Cerró los ojos, pero era ya demasiado tarde para contener los recuerdos, que anegaron su cabeza tan inexorables como la marea. Recuerdos de su infancia juntos, de cómo estudiaban juntos los exámenes, primero en el colegio, después en la universidad. Sonrió débilmente al recordar lo mal que había asimilado que sus calificaciones fueran algo mejores que las de él.
Su sonrisa se desvaneció. Quizás el error había estado en no seguir los designios de sus padres. Un par de años después de graduarse en la universidad y de unirse a la empresa de la familia, sus padres le eligieron una esposa. Alguien adecuado, al menos en su opinión. Y él se había rebelado. Su única rebelión en una existencia cómoda y pacífica. Él quería casarse por amor, con alguien a quien pudiera respetar. Y en un impulso, se lo propuso a Evelyn.
Y en cuanto ella le dio el sí, lo supo. La verdad, escondida cuidadosamente hasta aquel momento, había iluminado sus ojos hasta conferirles una luz cegadora. No se había dado cuenta de cuándo se había enamorado de él, de cuándo los lazos de su amistad se habían transformado para ella en algo más. Y también en aquel instante, supo que el matrimonio iba a ser un error, pero era ya demasiado tarde. No habría herido a Evelyn por nada del mundo.
Y en lugar de herirla, la había matado.
El dolor empezó en los ojos y siguió por toda su cabeza. No había causa física que lo explicase. Sólo culpabilidad. Él no conducía, por supuesto, ni había sido la causa directa del accidente, pero todo eso no había hecho sino empeorar las cosas, porque su comportamiento había sido aún peor: la había traicionado.
– No -murmuró en voz alta, pero era ya demasiado tarde.

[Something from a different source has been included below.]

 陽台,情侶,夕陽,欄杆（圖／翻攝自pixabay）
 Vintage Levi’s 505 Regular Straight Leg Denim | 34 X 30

Se vio a sí mismo y a Evelyn el día de la boda. La felicidad de Evelyn le había rodeado con un halo casi visible. Aquella noche, sintió por primera vez su cuerpo bajo el suyo. Evelyn era dulce y bonita, con las curvas en su sitio justo, pero él nunca la había deseado. La primera vez había sido difícil, y después no había conseguido mejorar. Hacían el amor… lo suficiente, según él, pero en eso también se había equivocado, porque ella había percibido su desinterés y con el paso del tiempo, había acabado con la confianza en sí misma. Mientras ella hablaba de tener hijos, él intentaba encontrar la forma de decirle que aquello no iba a durar. No podía darle lo que ella se merecía. Pero dejarla ir significaba perder a su mejor amiga, y no podía imaginarse la vida sin ella.